**WHAT THE TASK ASKS**: Note on the material below: return exactly the lines from the line that holds "Wyndham Surabaya" through the line that holds "Caf-Instant-neo-Nescafe-Dolca-Caf-Latte-125-Gr-2-26639", and leave out each picture.

**DATA SHOWN**:

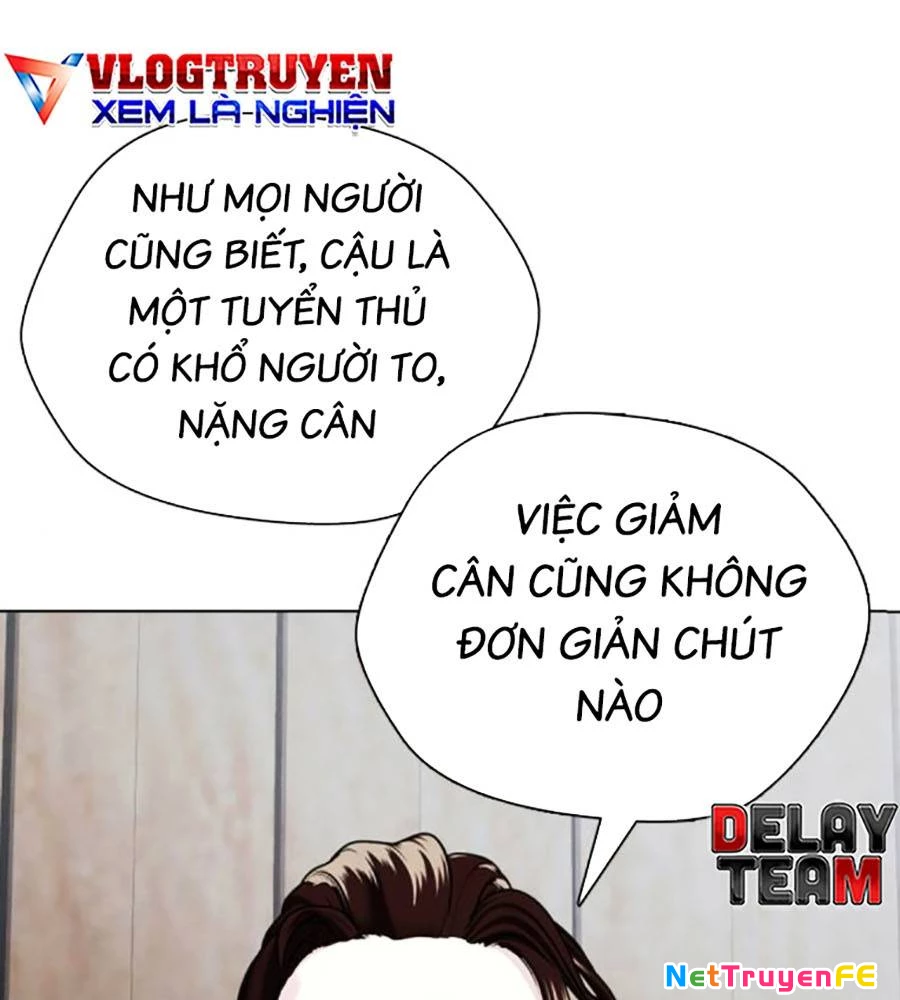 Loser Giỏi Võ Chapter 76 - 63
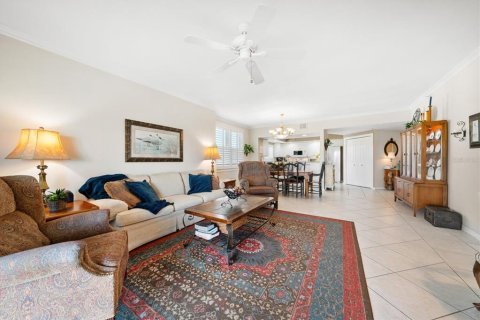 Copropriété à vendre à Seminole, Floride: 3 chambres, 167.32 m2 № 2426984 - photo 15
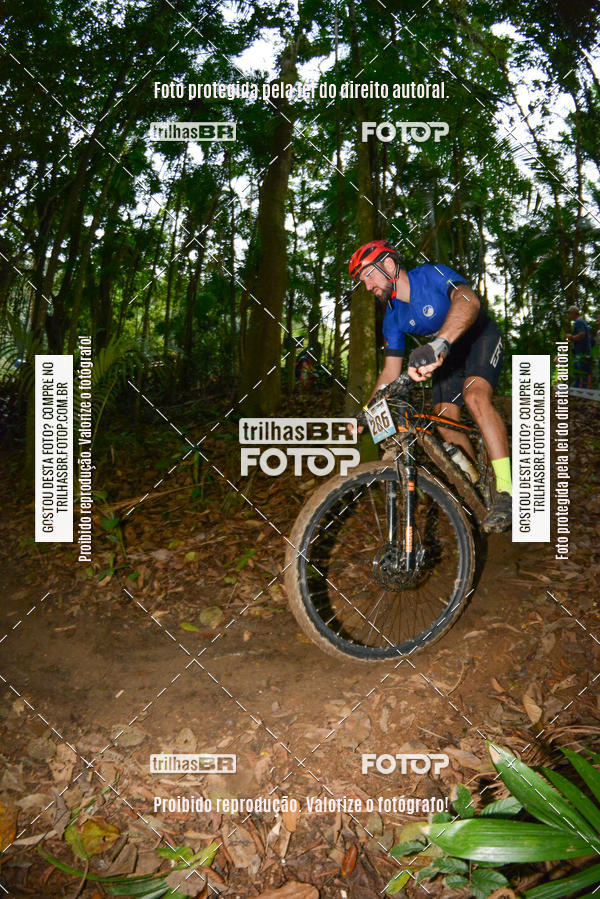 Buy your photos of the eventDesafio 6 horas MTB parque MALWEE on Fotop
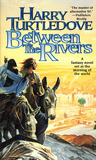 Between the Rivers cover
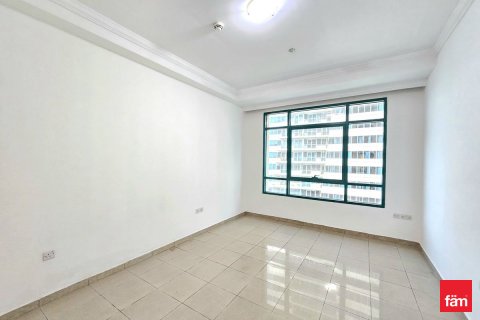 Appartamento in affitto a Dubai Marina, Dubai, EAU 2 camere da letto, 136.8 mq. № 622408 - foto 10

---

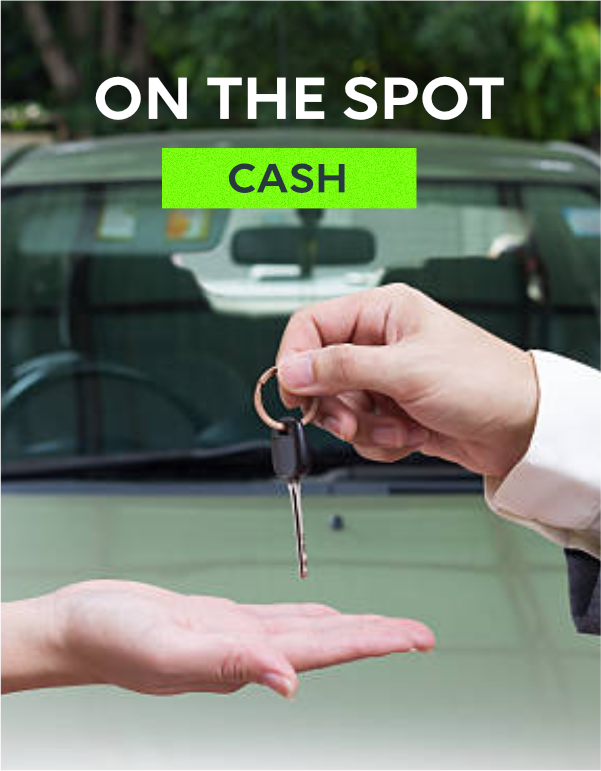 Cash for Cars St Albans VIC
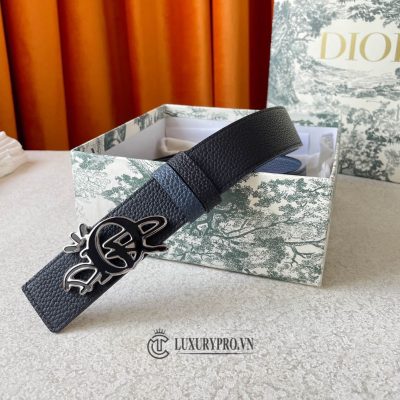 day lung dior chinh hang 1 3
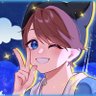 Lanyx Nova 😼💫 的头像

...

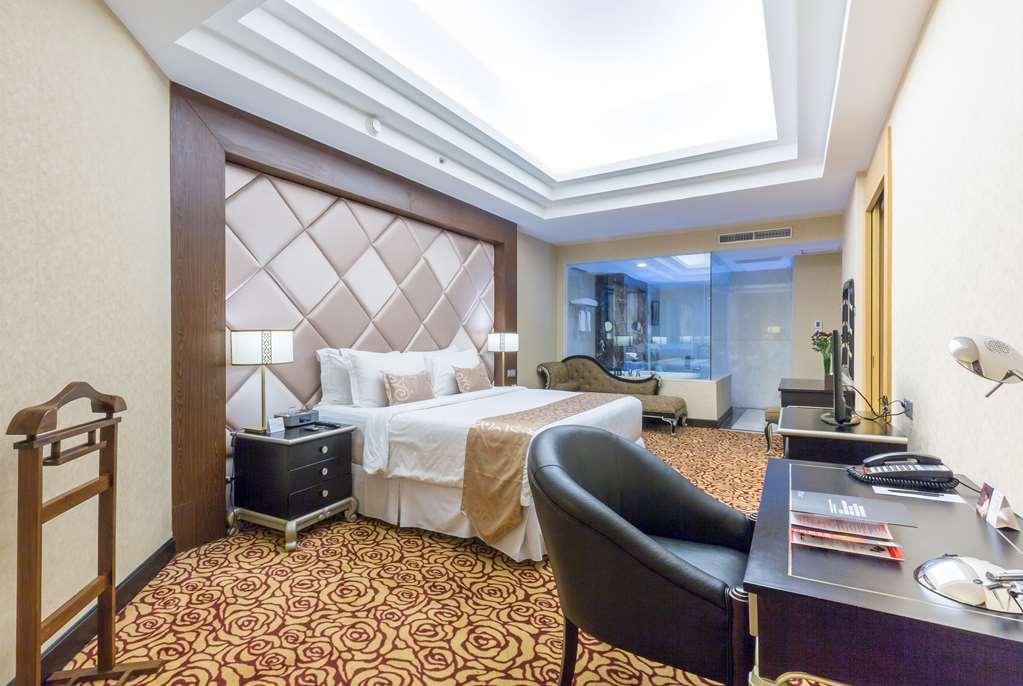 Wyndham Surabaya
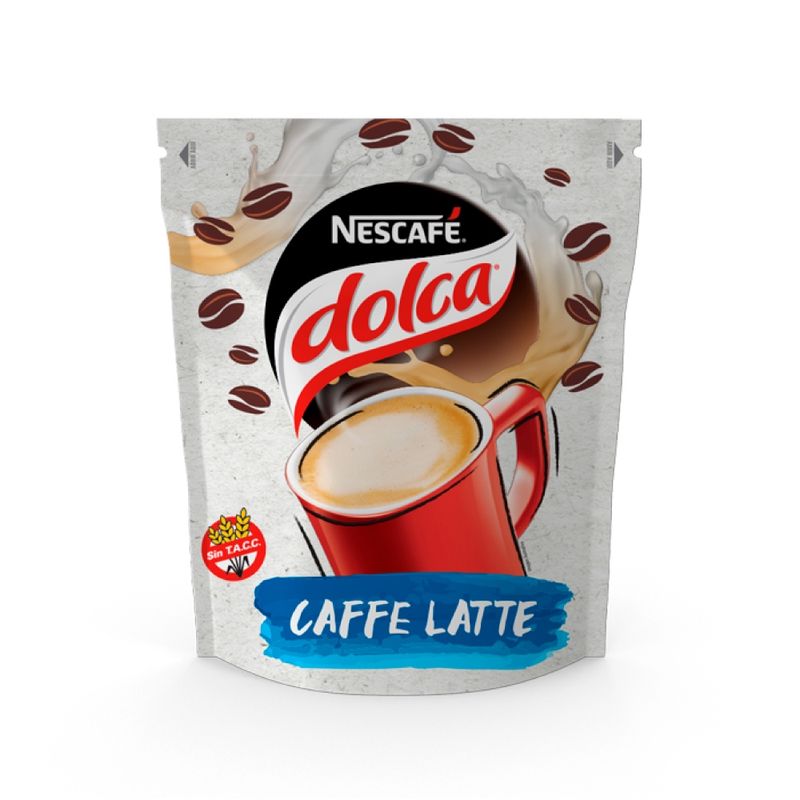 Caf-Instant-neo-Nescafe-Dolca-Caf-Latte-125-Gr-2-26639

**RESPONSE AREA**:
 Wyndham Surabaya
 Caf-Instant-neo-Nescafe-Dolca-Caf-Latte-125-Gr-2-26639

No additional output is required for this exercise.